YOUR INSTRUCTIONS ::
Repeat the data that follows in full. Do not include the pictures.

DATASET EXTRACT ::
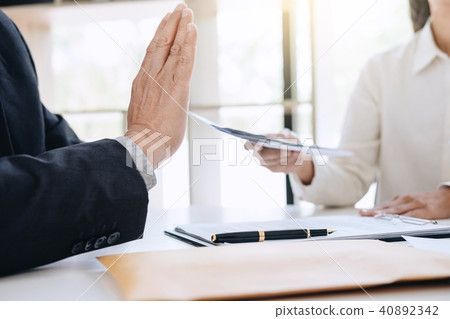 Bribery and corruption concept, senior businessman manager refus 40892342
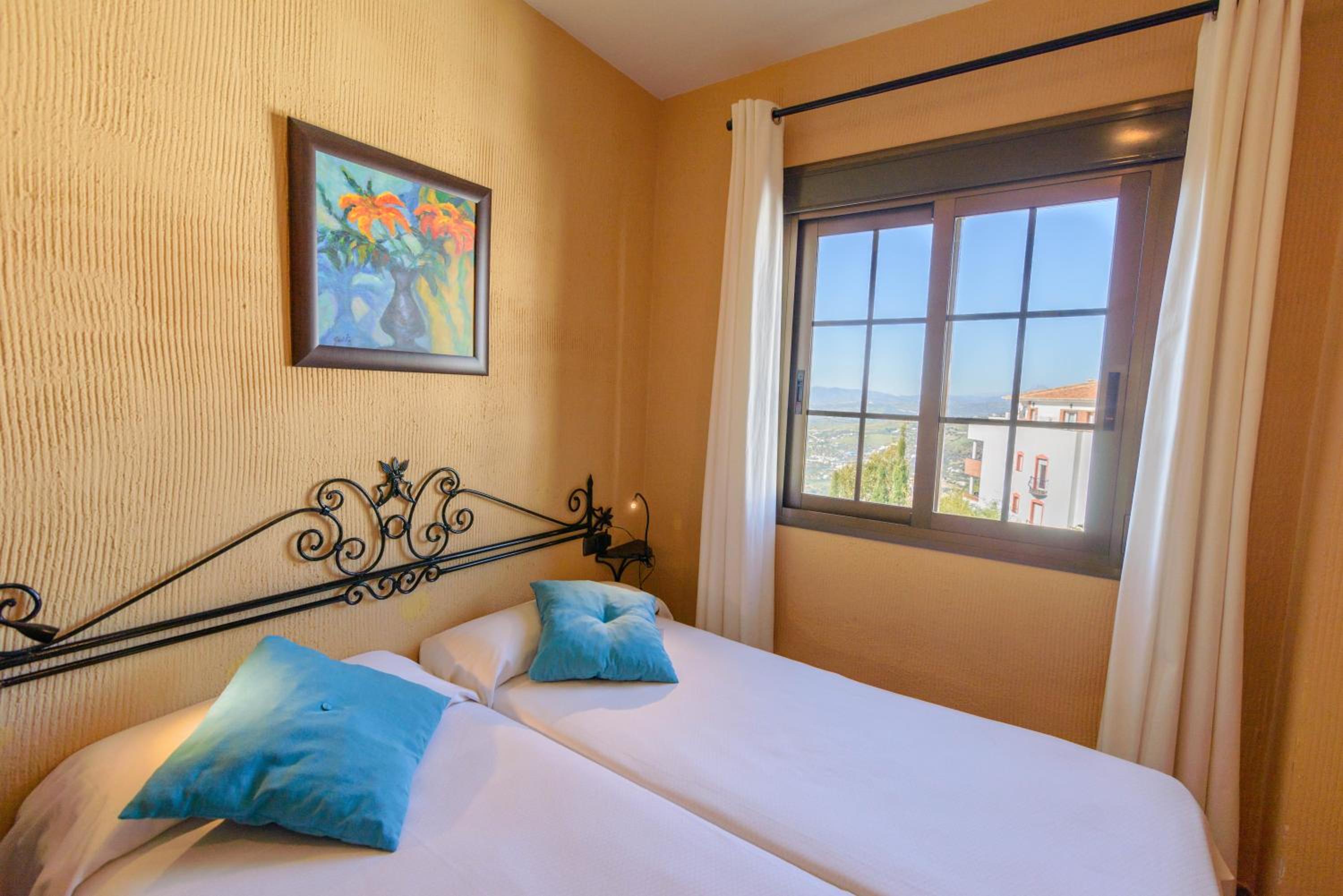 Habitación Cuádruple con Vista al Jardín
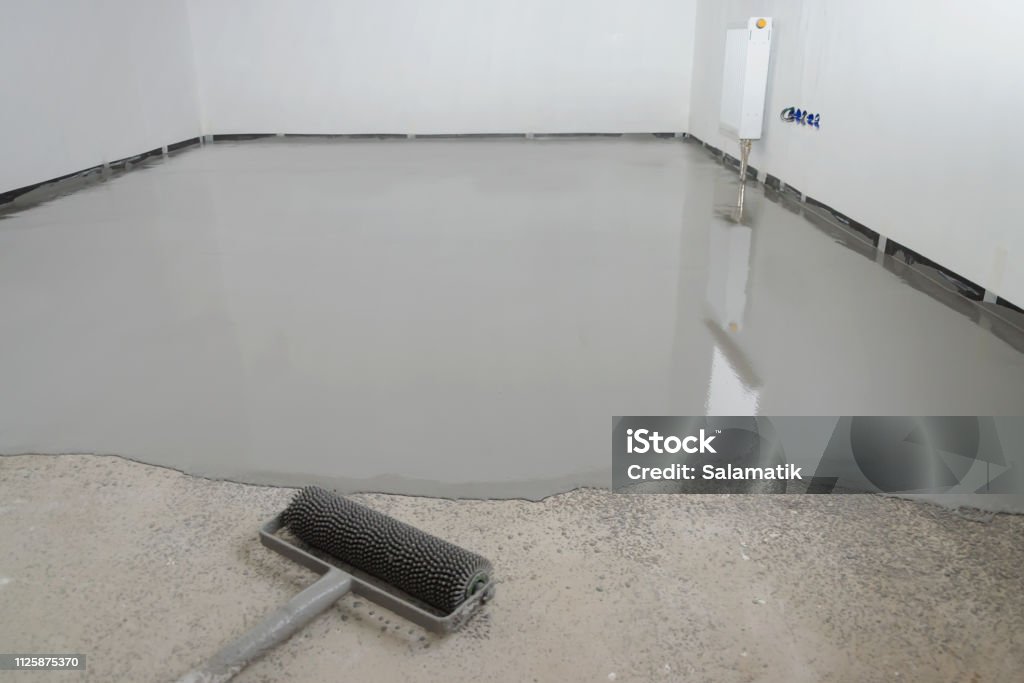 Self-leveling epoxy. Leveling with a mixture of cement floors Flooring Stock Photo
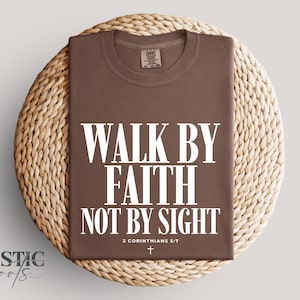 Peut inclure: Un t-shirt marron avec l'inscription blanche "WALK BY FAITH NOT BY SIGHT", la référence biblique 2 Corinthiens 5:7 et une petite croix. Le t-shirt est présenté sur un tapis rond en osier.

SOLUTION ::
 Bribery and corruption concept, senior businessman manager refus 40892342
 Habitación Cuádruple con Vista al Jardín
 Self-leveling epoxy. Leveling with a mixture of cement floors Flooring Stock Photo
 Peut inclure: Un t-shirt marron avec l'inscription blanche "WALK BY FAITH NOT BY SIGHT", la référence biblique 2 Corinthiens 5:7 et une petite croix. Le t-shirt est présenté sur un tapis rond en osier.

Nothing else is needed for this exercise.